→ **Recorded data**

[Start of Attachment]

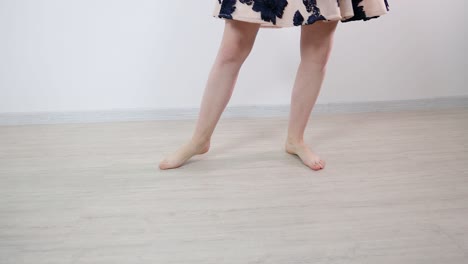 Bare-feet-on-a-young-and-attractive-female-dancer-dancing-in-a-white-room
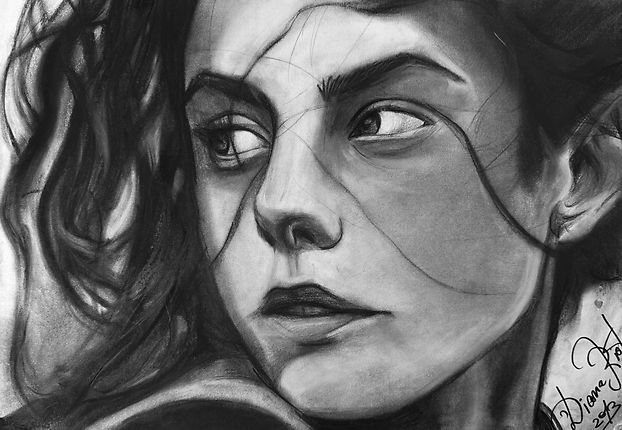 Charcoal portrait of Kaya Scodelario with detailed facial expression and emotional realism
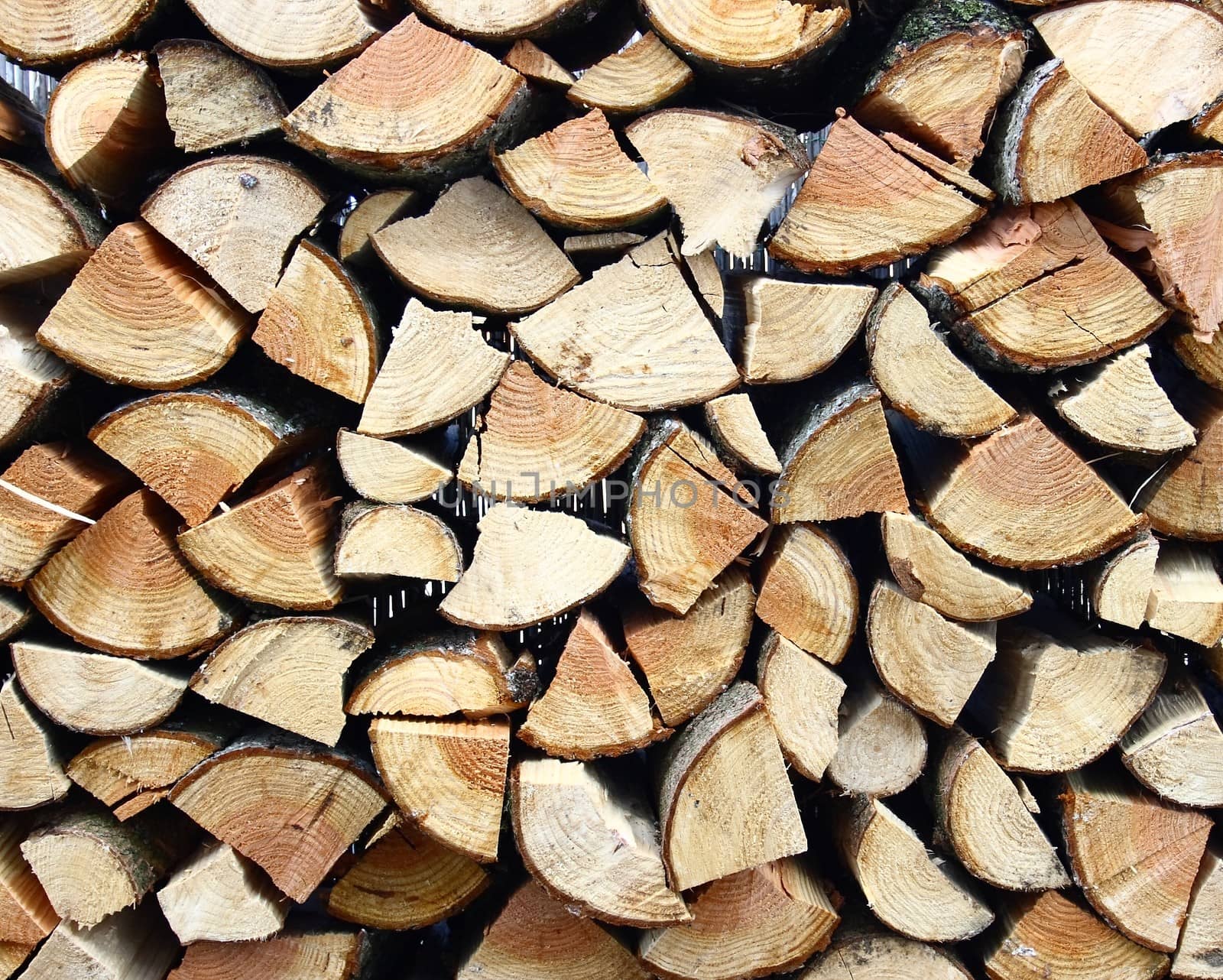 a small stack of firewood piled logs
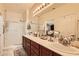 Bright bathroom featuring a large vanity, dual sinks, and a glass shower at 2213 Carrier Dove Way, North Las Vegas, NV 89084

[End of Attachment]

→ **Prompt**
Write out the whole listing verbatim, images excluded.

→ **Answer space**
 Bare-feet-on-a-young-and-attractive-female-dancer-dancing-in-a-white-room
 Charcoal portrait of Kaya Scodelario with detailed facial expression and emotional realism
 a small stack of firewood piled logs
 Bright bathroom featuring a large vanity, dual sinks, and a glass shower at 2213 Carrier Dove Way, North Las Vegas, NV 89084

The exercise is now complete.